# WHAT YOU HAVE TO DO
Retype each line of the data below exactly, beginning with the first and ending with the one that contains "Tenues de soirée". Pictures do not belong in the copy.

# MATERIAL PROVIDED
################
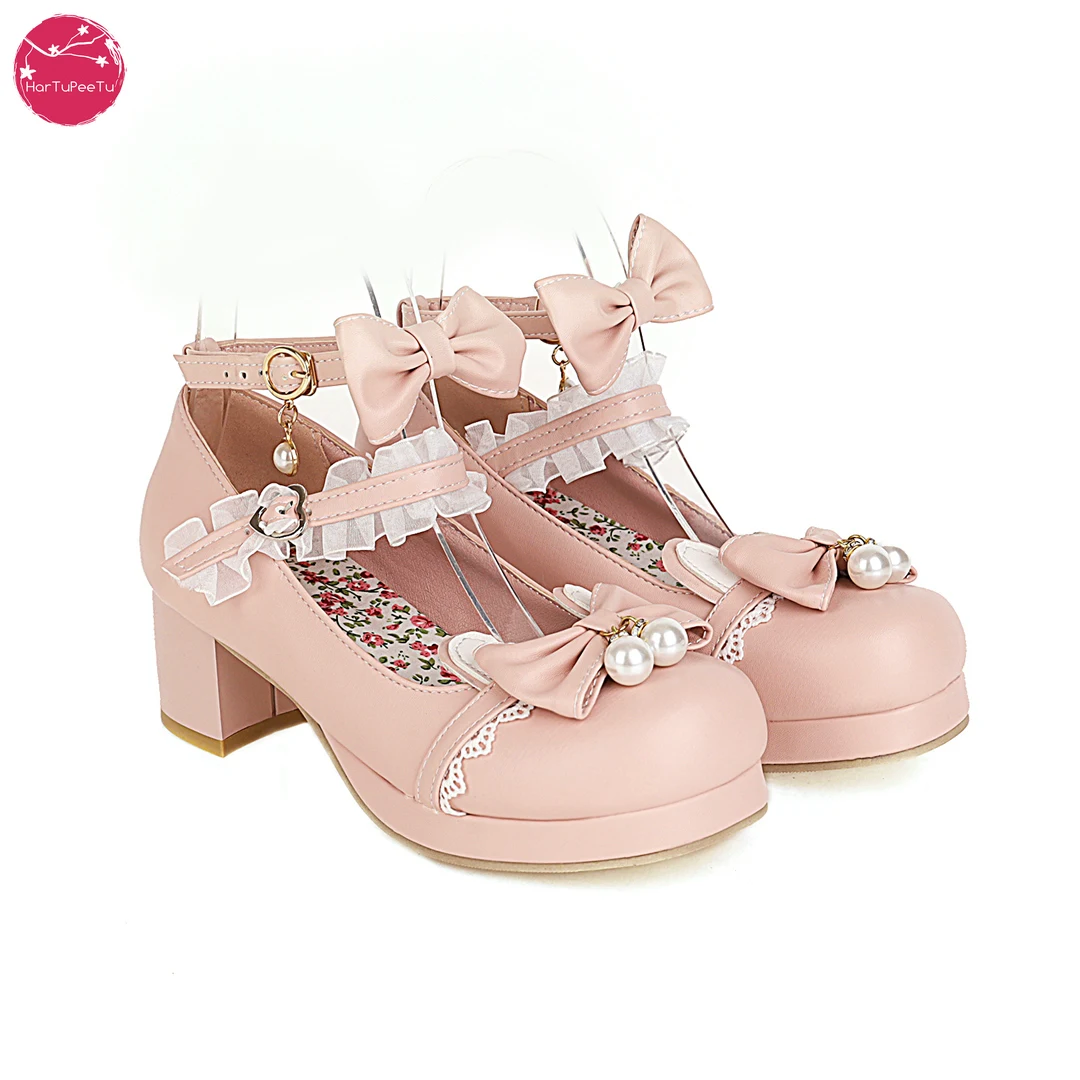 Women Lolita Cosplay Shoes with Cute Ears Peals Cross Strap Block Heel Mary Jane Lace Pumps 2021 Spring Summer Autumn New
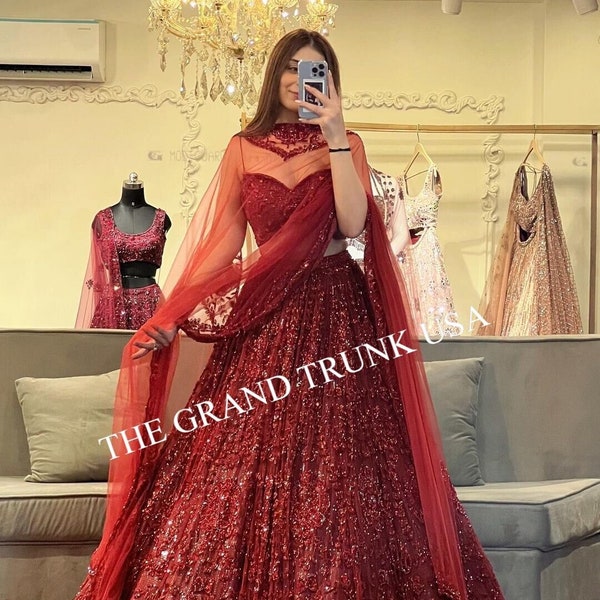 Tenues de soirée de créateur Lehenga Choli rouge avec paillettes Jupe Lehenga Choli de travail/mariage/Party Wear rouge Lehenga Choli pour femme/Jupe lehenga Sequence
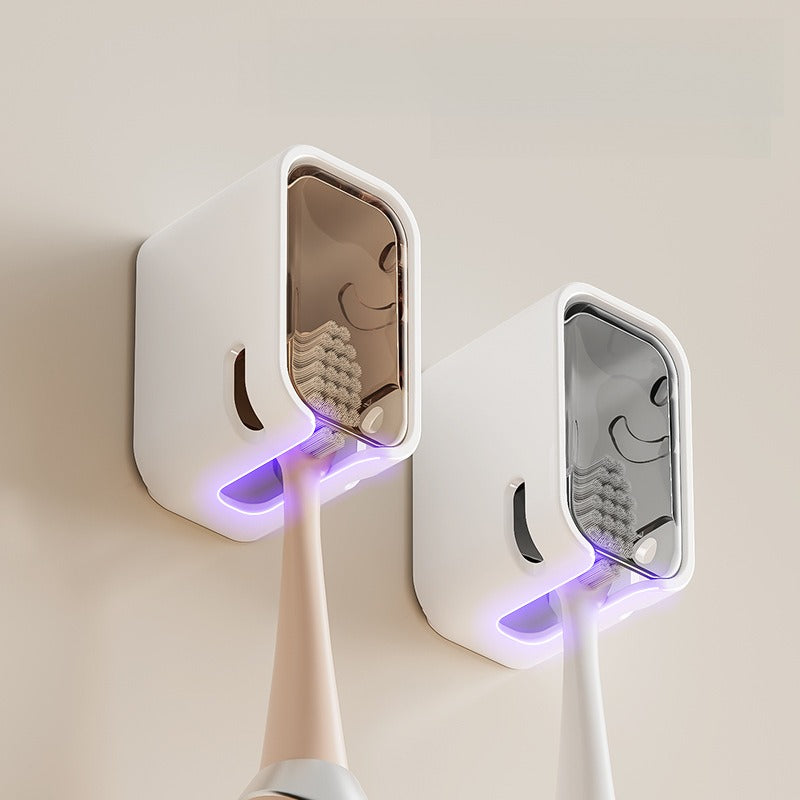 Wall Mounted Toothbrush Holder No Drill Waterproof Dustproof Bathroom Storage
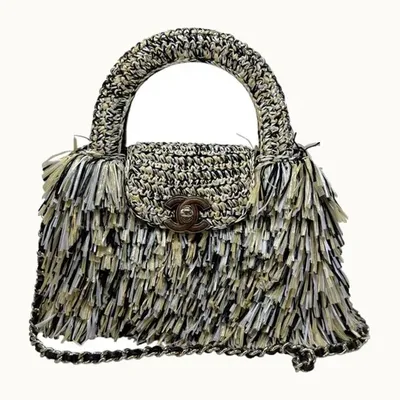Bolsa Chanel Raffia And Straw Fringe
################
# PROBLEM SOLUTION
 Women Lolita Cosplay Shoes with Cute Ears Peals Cross Strap Block Heel Mary Jane Lace Pumps 2021 Spring Summer Autumn New
 Tenues de soirée de créateur Lehenga Choli rouge avec paillettes Jupe Lehenga Choli de travail/mariage/Party Wear rouge Lehenga Choli pour femme/Jupe lehenga Sequence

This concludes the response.